French President Emmanuel Macron may have just won a second term in office, but political analysts believe the continued rise of the far right will cause him significant headaches over the coming years.

“The actual closeness, relative closeness of the vote and the fact that [Marine] Le Pen got over 40%, I think that’s a damning indictment on the state of French politics and perhaps actually the state of inequality and living standards across Europe,” Julian Howard, head of multi-asset solutions at asset management firm GAM, told CNBC’s “Squawk Box Europe” on Monday.

Centrist Macron obtained 58.54% of the votes on Sunday, whereas his nationalist and far-right rival Le Pen got 41.46%. Back in 2017, when the two politicians also disputed the second round of the French presidential vote, Macron won with 66.1% versus Le Pen’s 33.9%.

Addressing her supporters in Paris on Sunday night, Le Pen conceded defeat but said, “We have nevertheless been victorious.”

“The ideas we represent are reaching a peak,” she added, while mentioning that in upcoming legislative elections in June, her party — National Rally — will be a “true opposition” to Macron and France’s political establishment.

In France, the president is the highest figure of the state, but the upcoming parliamentary elections for the National Assembly will show whether Macron will be able to easily pass new laws or face tough roadblocks to get his pro-business and pro-EU agenda through.

One of the challenges for his second term, as stated by Macron on Sunday, is unifying France.

Change in tone

Le Pen’s results “including a majority of working class voters and victories in many rural and suburban districts, illustrates the profound divisions in French society which will make Macron’s second term as troubled as the first,” Mujtaba Rahman, managing director at consultancy Eurasia Group, said in a note Sunday.

Le Pen’s performance in the 2022 election benefited from a change in tone from the far-right leader. Political analysts have noted how she became more moderate this time around, avoiding a focus on immigration or rallying against European integration. Instead, Le Pen chose to talk about soaring inflation and the weaker purchasing power of French citizens.

“We should not dismiss the increase in her vote share; it shows that her efforts to normalize her party and her policies are working,” Jessica Hinds, an economist at Capital Economics, told CNBC via email Monday.

A weak scorecard

Sunday’s vote represented the third consecutive time that Le Pen has failed to become France’s president.

Having taken the reins of the party from her father in 2011, then called National Front, she ran for the top office in 2012, 2017 and now 2022. She reached the second and final round of the French presidential vote both in 2017 and this year.

Her father, Jean-Marie Le Pen, shocked many when he made it to the second round of France’s presidential election in 2002; but was defeated by incumbent Jacques Chirac in a landslide vote.
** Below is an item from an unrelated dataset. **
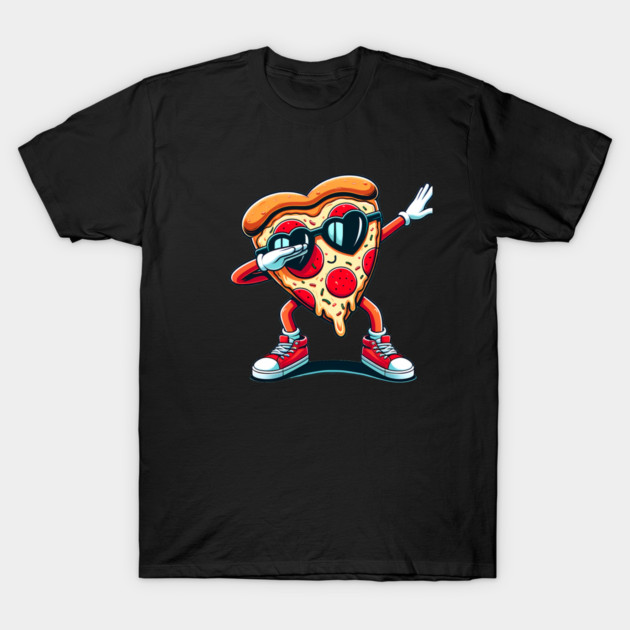 Funny Dabbing Pizza, Love Eating Pizza T-Shirt by logiamerch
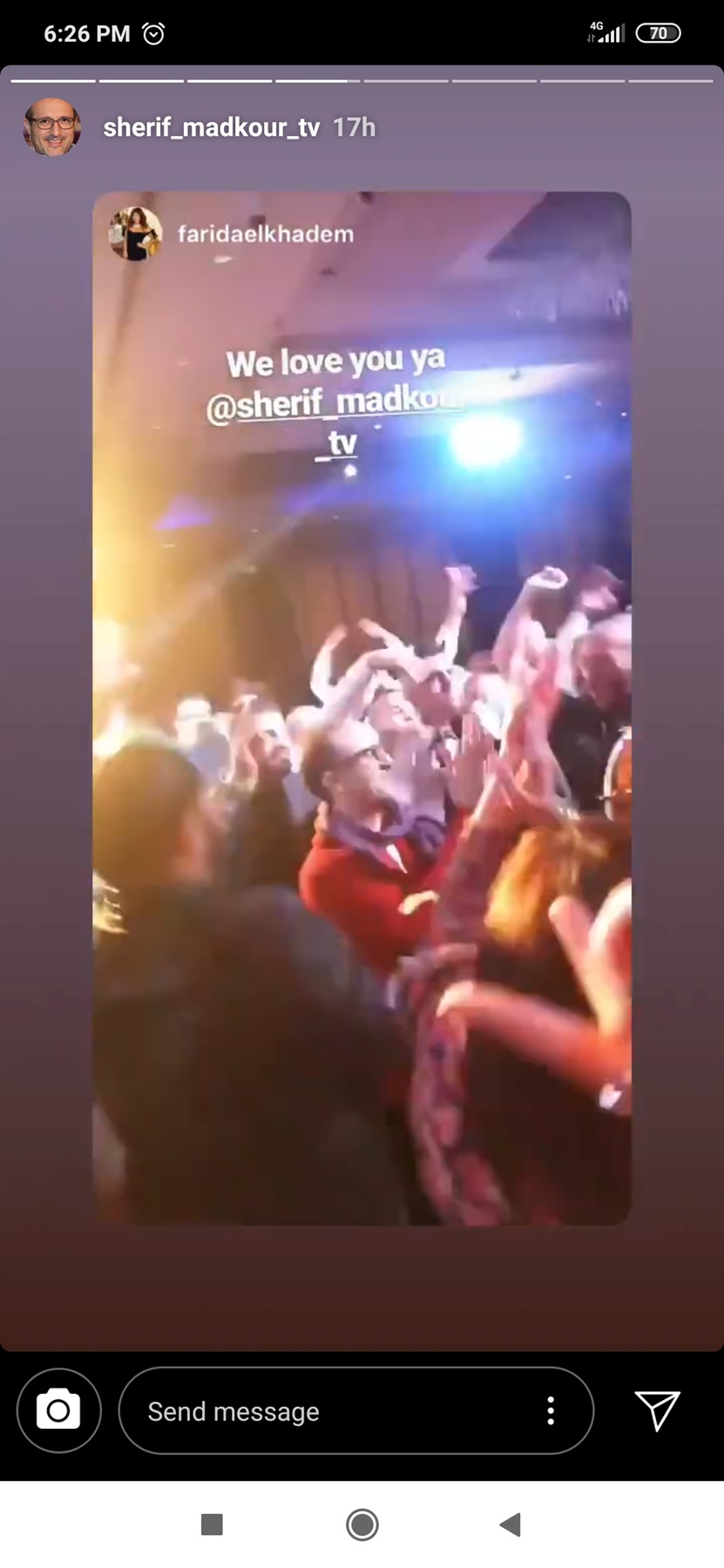 شريف مدكور يتحدى مرضه بالرقص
Jean-Marie Le Pen received 17.8% of the votes that year.

“Le Pen will have difficulty, nonetheless, in surviving the next five years as the principle standard-bearer of the French far right. She and her party, National Rally, will now face a renewed challenge from Eric Zemmour and her own niece, Marion Maréchal,” Rahman said in the same note.

Zemmour, also an anti-immigration and far-right politician, was one of the many new names on the French political scene in the run-up to this year’s election. His performance in the first round of the 2022 vote was weaker than pollsters had initially estimated, with some analysts pointing to his more aggressive stance — notably toward Ukrainian refugees — as one of the reasons.

Marion Marechal, Le Pen’s niece, spoke out in support of Zemmour during this campaign.

“With regards to [the next presidential election in] 2027, the rules say that Macron won’t be able to run again and Le Pen may not either, though she has refused to rule out a fourth attempt,” Hinds said.

“So there is a lot that could be different about the next election, five years is a long time,” she added.